4.20.08
The high price of being regular
by Matt Worley

I paid my patriotic penance last week, and I'm feeling like a weight has lifted off my shoulders. Except that what I paid is most likely going to the things I don't agree with: the war, the debt payments for the war or bailing out bad traders on Wall Street. So if we're guaranteeing bad debts by our own government and huge companies that didn't see the badness coming in the last year, can you give me back the few thousand I lost? Give me a little tax holiday or something?

I mean, I didn't buy a house in the boom because the prices seemed unrealistically high (and paying extra money because I couldn't afford the down payment didn't seem to make sense--if I don't have enough money to buy the house, I have to pay insurance to the mortgage company to guarantee what I couldn't do in the first place?). I don't invest in banks or mortgage companies. But if I totally screwed up and lost all my money on my house or bad stock investments, would I get anything from the government?

Nope. And I'd still have to pay those taxes from last year.

So my $600 check will go to my landlord, and I'll just have to hope this bailout money will float all boats. And maybe it will for a while. Maybe it's the tonic we've all been looking for.

I have the occasional tonic myself. I'm self sufficient that way. It doesn't really help my financial situation (especially if I get the "good" tonics), but it makes me feel better about getting screwed by the government. Know what? I have to pay extra taxes to the government for the good stuff.

Gas went up last week, now hovering around the $3.50 mark here in Albuquerque. Right after McCain proposed having a summer holiday from federal gas taxes (about eighteen cents a gallon, I think), gas went up twenty cents. Does that mean we already had a gas tax holiday, and we didn't even know it?

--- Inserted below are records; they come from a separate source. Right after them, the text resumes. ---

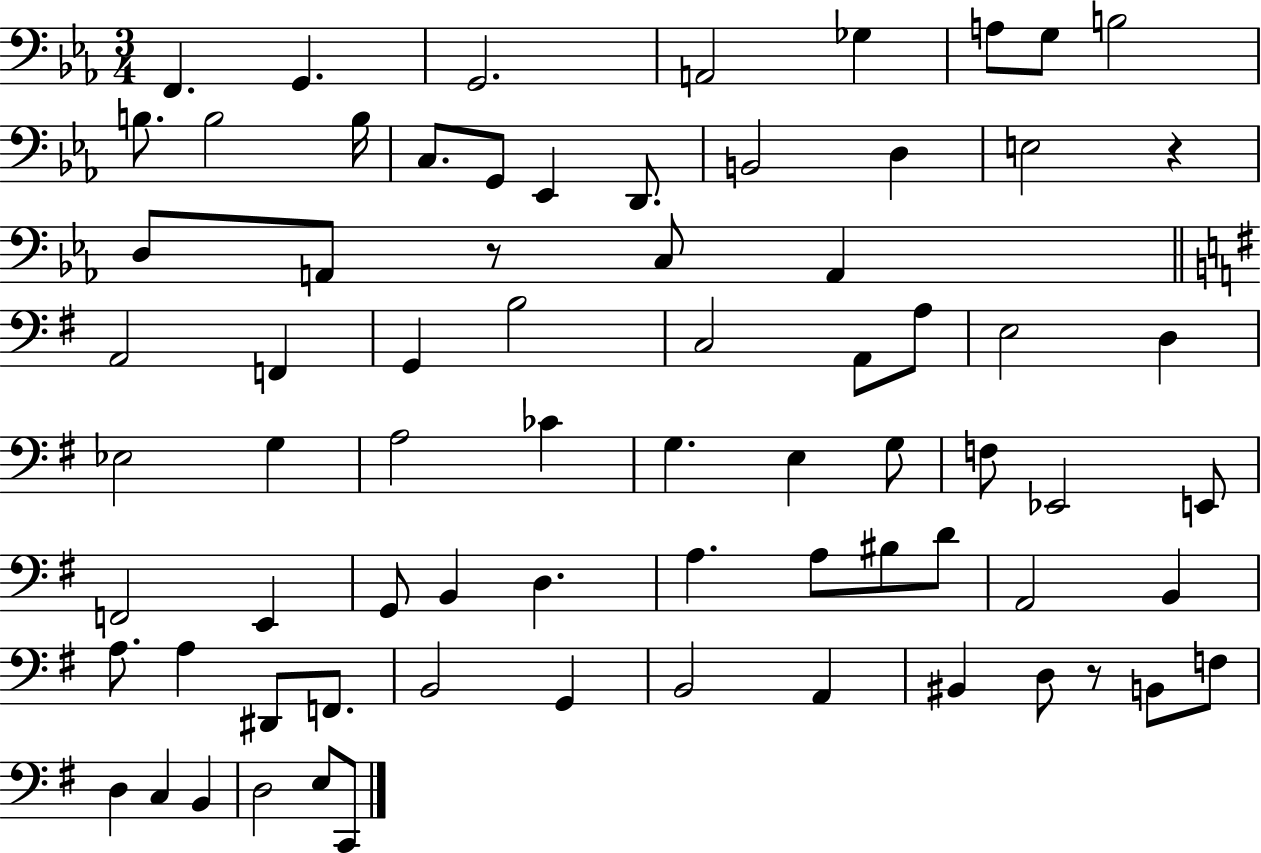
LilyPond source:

{
  \clef bass
  \numericTimeSignature
  \time 3/4
  \key ees \major
  \repeat volta 2 { f,4. g,4. | g,2. | a,2 ges4 | a8 g8 b2 | \break b8. b2 b16 | c8. g,8 ees,4 d,8. | b,2 d4 | e2 r4 | \break d8 a,8 r8 c8 a,4 | \bar "||" \break \key g \major a,2 f,4 | g,4 b2 | c2 a,8 a8 | e2 d4 | \break ees2 g4 | a2 ces'4 | g4. e4 g8 | f8 ees,2 e,8 | \break f,2 e,4 | g,8 b,4 d4. | a4. a8 bis8 d'8 | a,2 b,4 | \break a8. a4 dis,8 f,8. | b,2 g,4 | b,2 a,4 | bis,4 d8 r8 b,8 f8 | \break d4 c4 b,4 | d2 e8 c,8 | } \bar "|."
}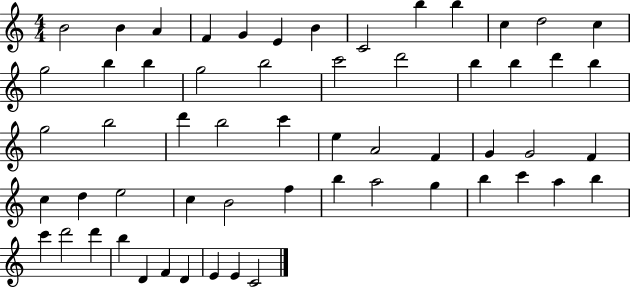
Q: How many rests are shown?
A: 0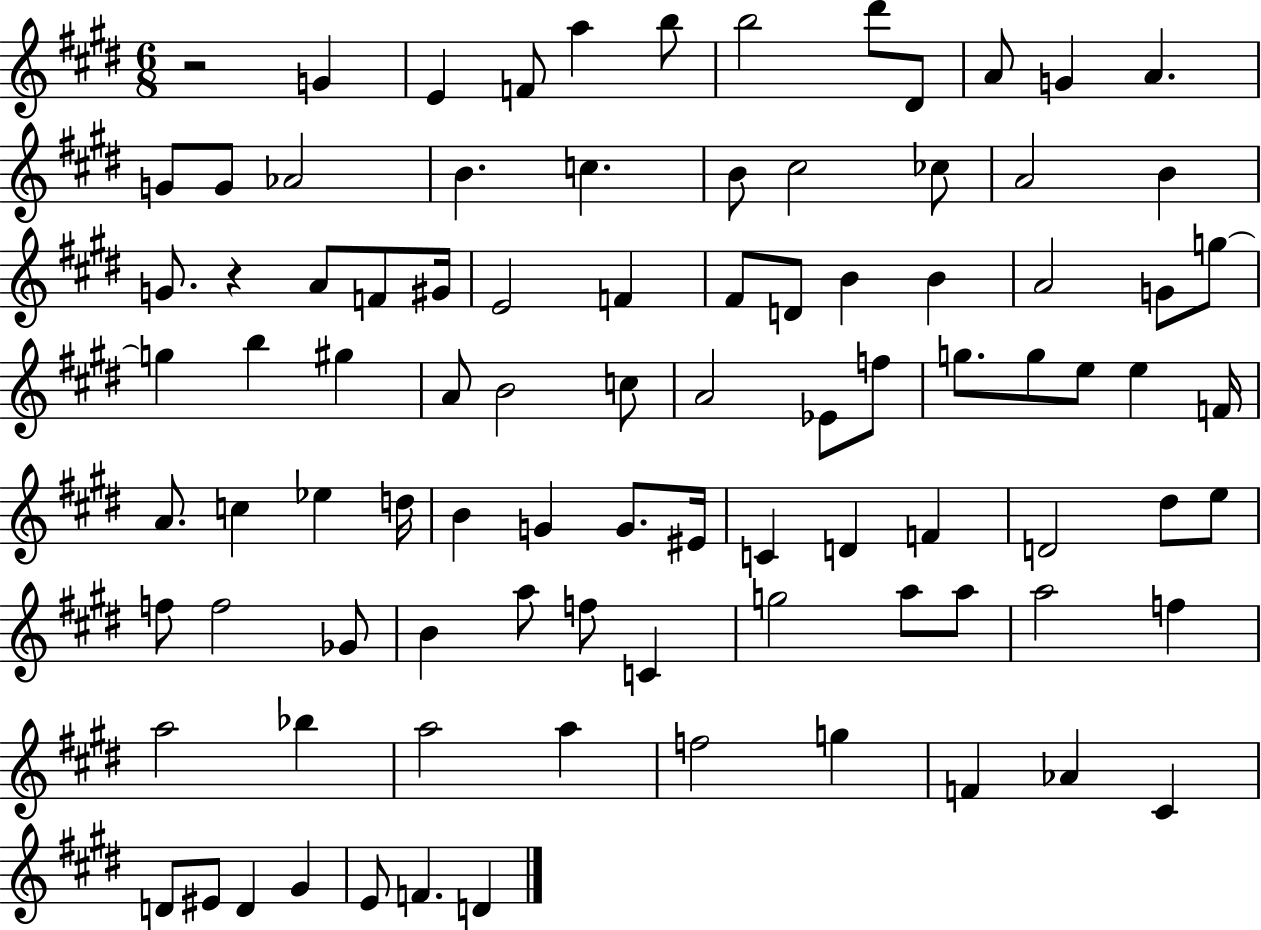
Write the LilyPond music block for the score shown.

{
  \clef treble
  \numericTimeSignature
  \time 6/8
  \key e \major
  r2 g'4 | e'4 f'8 a''4 b''8 | b''2 dis'''8 dis'8 | a'8 g'4 a'4. | \break g'8 g'8 aes'2 | b'4. c''4. | b'8 cis''2 ces''8 | a'2 b'4 | \break g'8. r4 a'8 f'8 gis'16 | e'2 f'4 | fis'8 d'8 b'4 b'4 | a'2 g'8 g''8~~ | \break g''4 b''4 gis''4 | a'8 b'2 c''8 | a'2 ees'8 f''8 | g''8. g''8 e''8 e''4 f'16 | \break a'8. c''4 ees''4 d''16 | b'4 g'4 g'8. eis'16 | c'4 d'4 f'4 | d'2 dis''8 e''8 | \break f''8 f''2 ges'8 | b'4 a''8 f''8 c'4 | g''2 a''8 a''8 | a''2 f''4 | \break a''2 bes''4 | a''2 a''4 | f''2 g''4 | f'4 aes'4 cis'4 | \break d'8 eis'8 d'4 gis'4 | e'8 f'4. d'4 | \bar "|."
}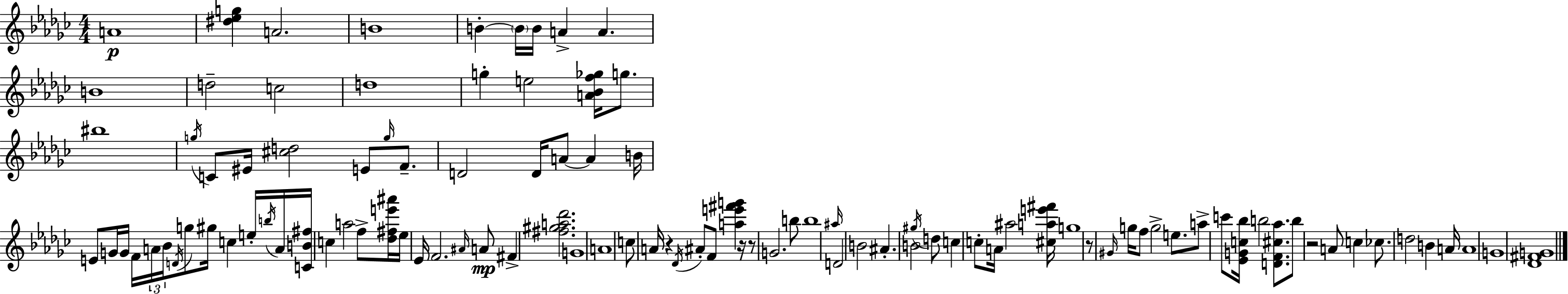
A4/w [D#5,Eb5,G5]/q A4/h. B4/w B4/q B4/s B4/s A4/q A4/q. B4/w D5/h C5/h D5/w G5/q E5/h [A4,Bb4,F5,Gb5]/s G5/e. BIS5/w G5/s C4/e EIS4/s [C#5,D5]/h E4/e G5/s F4/e. D4/h D4/s A4/e A4/q B4/s E4/e G4/s G4/s F4/s A4/s Bb4/s D4/s G5/e G#5/s C5/q E5/s B5/s A4/s [C4,B4,F#5]/s C5/q A5/h F5/e [Db5,F#5,E6,A#6]/s Eb5/s Eb4/s F4/h. A#4/s A4/e F#4/q [F#5,G#5,A5,Db6]/h. G4/w A4/w C5/e A4/s R/q Db4/s A#4/e F4/e [A5,E6,F#6,G6]/q R/s R/e G4/h. B5/e B5/w A#5/s D4/h B4/h A#4/q. B4/h G#5/s D5/e C5/q C5/e A4/s A#5/h [C#5,A5,E6,F#6]/s G5/w R/e G#4/s G5/s F5/e G5/h E5/e. A5/e C6/e [Eb4,G4,C5,Bb5]/s B5/h [D4,F4,C#5,Ab5]/e. B5/e R/h A4/e C5/q CES5/e. D5/h B4/q A4/s A4/w G4/w [Db4,F#4,G4]/w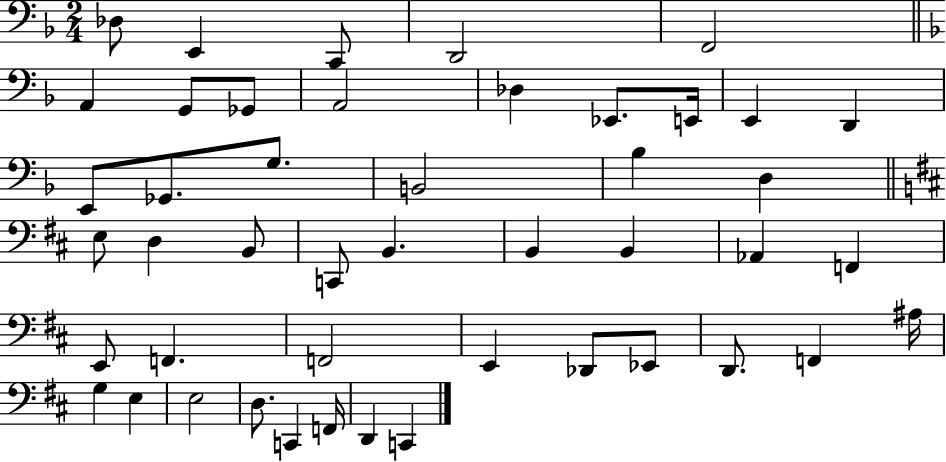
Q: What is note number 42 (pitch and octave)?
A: D3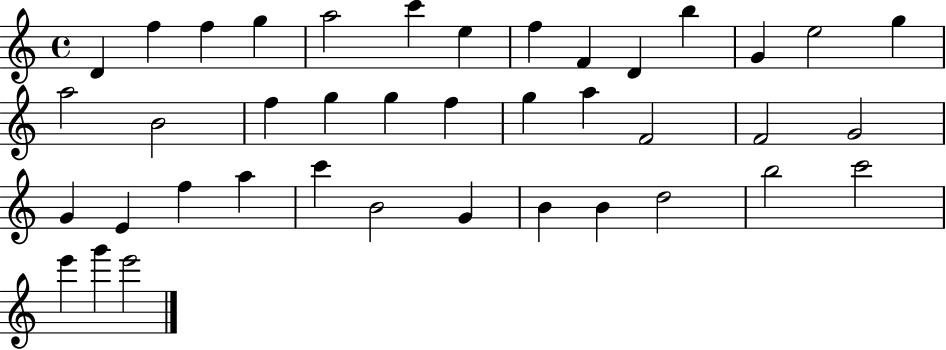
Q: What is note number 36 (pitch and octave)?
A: B5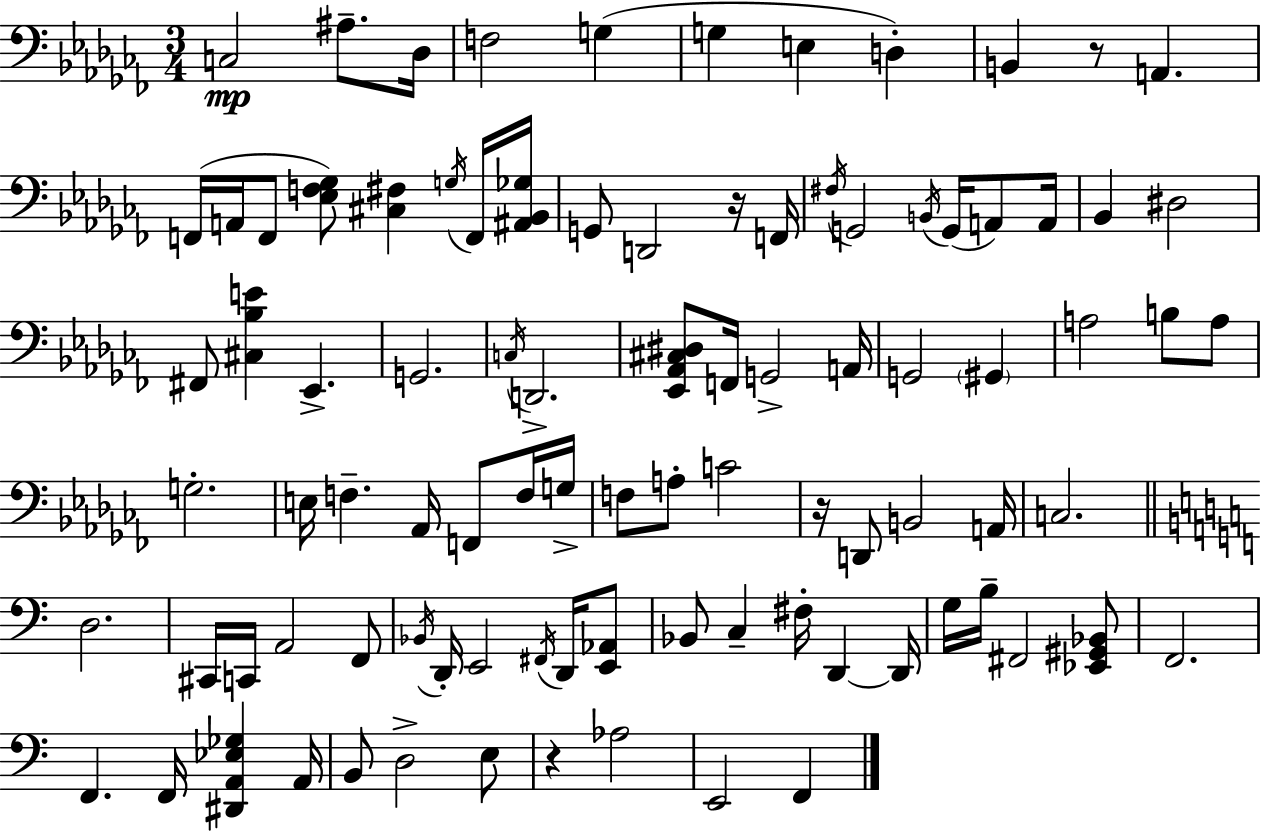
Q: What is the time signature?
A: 3/4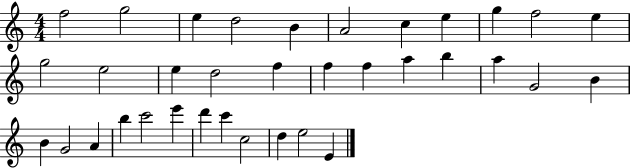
X:1
T:Untitled
M:4/4
L:1/4
K:C
f2 g2 e d2 B A2 c e g f2 e g2 e2 e d2 f f f a b a G2 B B G2 A b c'2 e' d' c' c2 d e2 E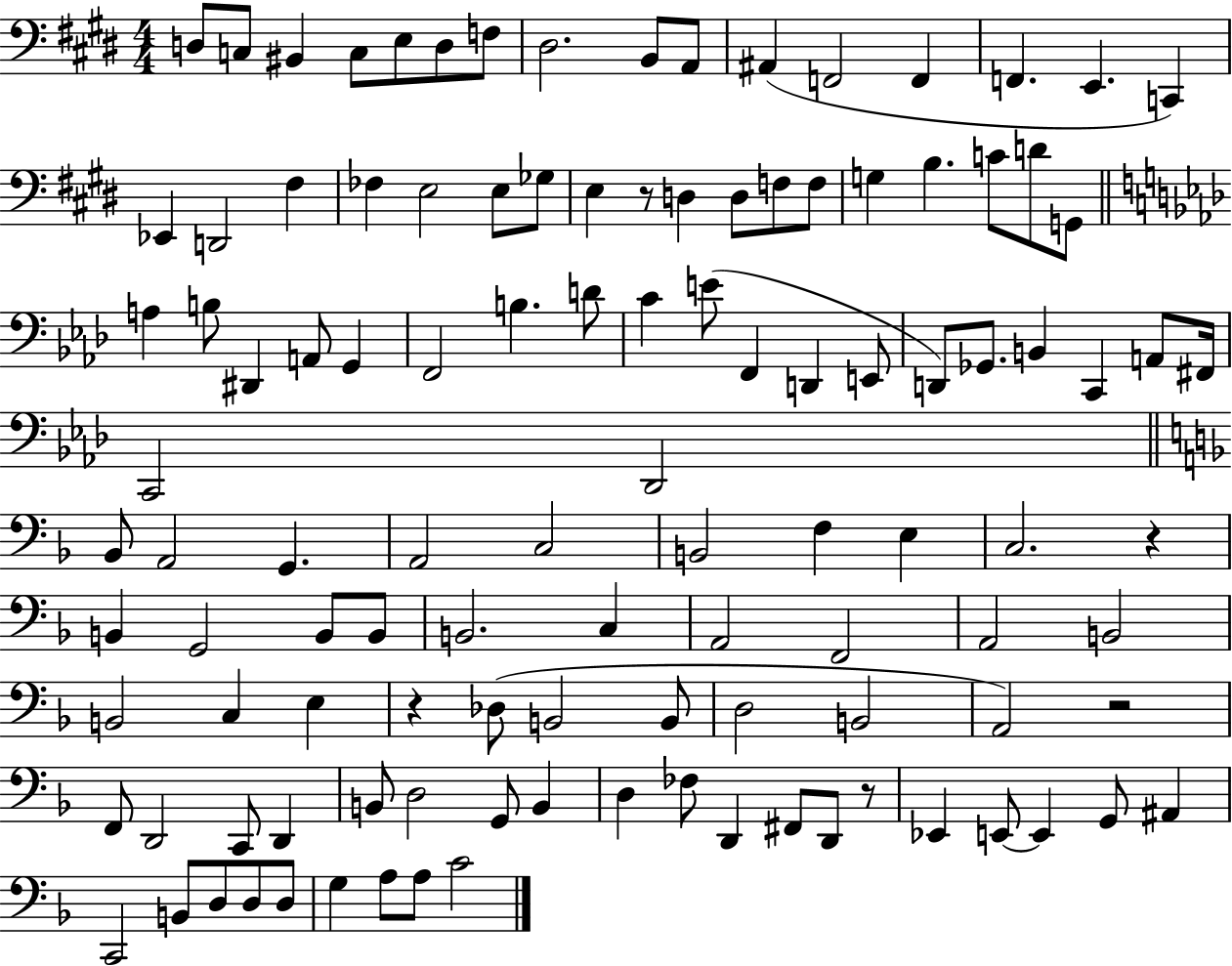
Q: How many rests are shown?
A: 5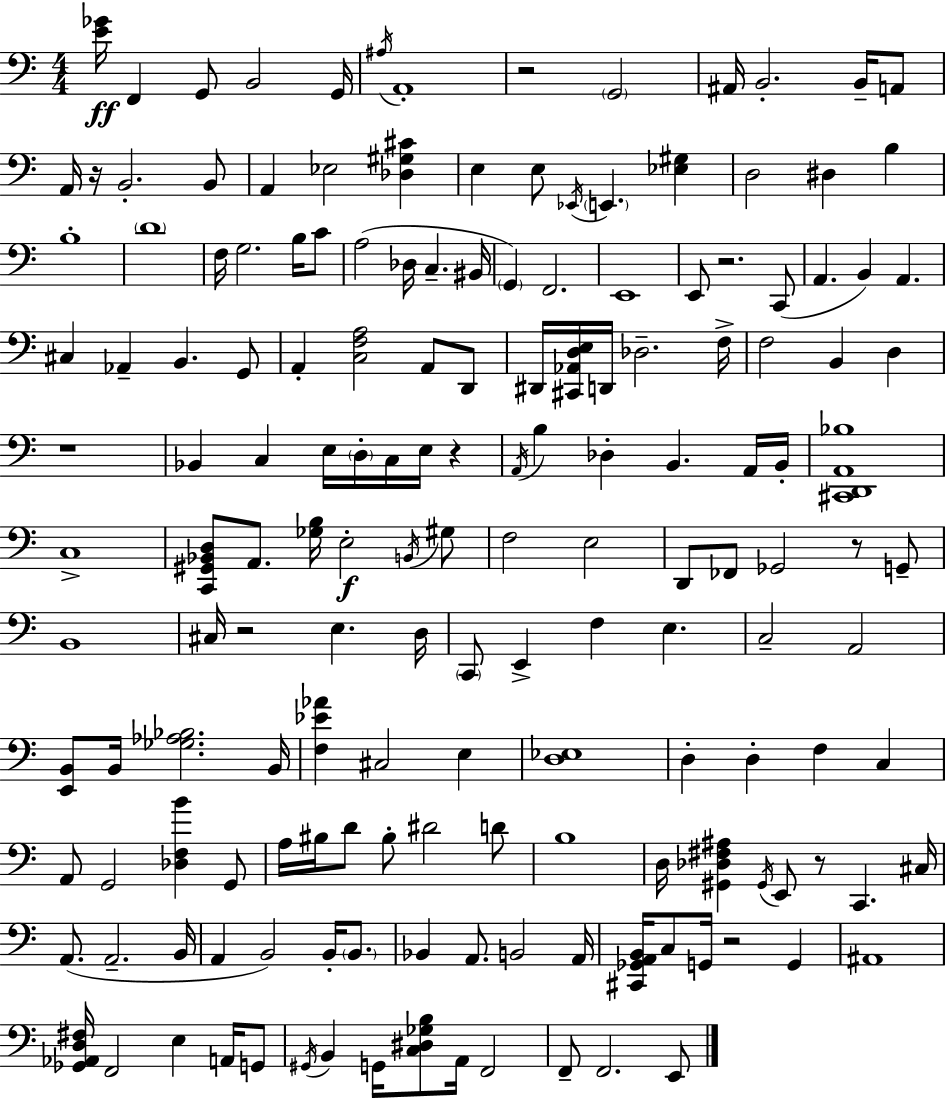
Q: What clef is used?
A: bass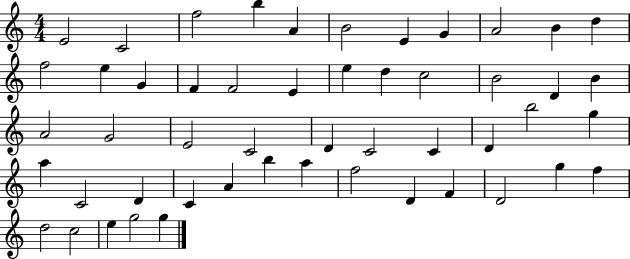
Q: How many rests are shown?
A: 0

Most of the people I went out with in the last few weeks commented about how everything costs more. Toilet paper has doubled in cost in the last year. And we all need toilet paper. Anyone out there thinking about giving up toilet paper?

Eggs are more than double (which reminds me, I need to eat those expensive eggs I bought when I moved into this new place), but milk seems to be about the same price (between two-fifty and three bucks a gallon...hey, it's less expensive than gas! Where's my new hybrid car that runs on milk?). Corn is going through the roof because farmers get huge subsidies to grow corn--for gas. Don't they know hemp is better for this sort of thing? And shouldn't gas get cheaper if they're making all this new-fangled corn gas?

And yet, even as we all bitch and moan, we pay for it. Because there's nothing you can do. There aren't lobbyists for regular people, because regular people have no power (or, y'know, money to pay the lobbyists). There isn't anyone looking out for us. I don't care what those people interviewing for the Prez job say, it ain't about us. It's about them, and probably some of their close friends.

If the polls say things they agree with, they love polls. But if the polls don't, then the polls are wrong. Guess what the polls seem to be wrong about? Well, the war for starters. Because we aren't doing anything except staying the course, and the polls say two-thirds of Americans want us out.

Apparently us regular people don't know what we're talking about.

At the same time, there will be no revolution. Not televised, not on the radio or the Internet. There won't be a best selling revolutionary book, because no one reads anymore. They finished that Harry Potter series, y'know. Everyone can die happy without having to crack another book.

If there's one thing inflation seems to do to most of us Americans, it's try to figure out a way to pay for everything we buy all the time.

Life might be a little more interesting if we had "gas riots" here. Y'know, kinda like the food riots happening in places halfway around the world. Because food is too expensive for those regular people to buy.


Matt Worley isn't always mistaken for a regular person, but he is for the most part.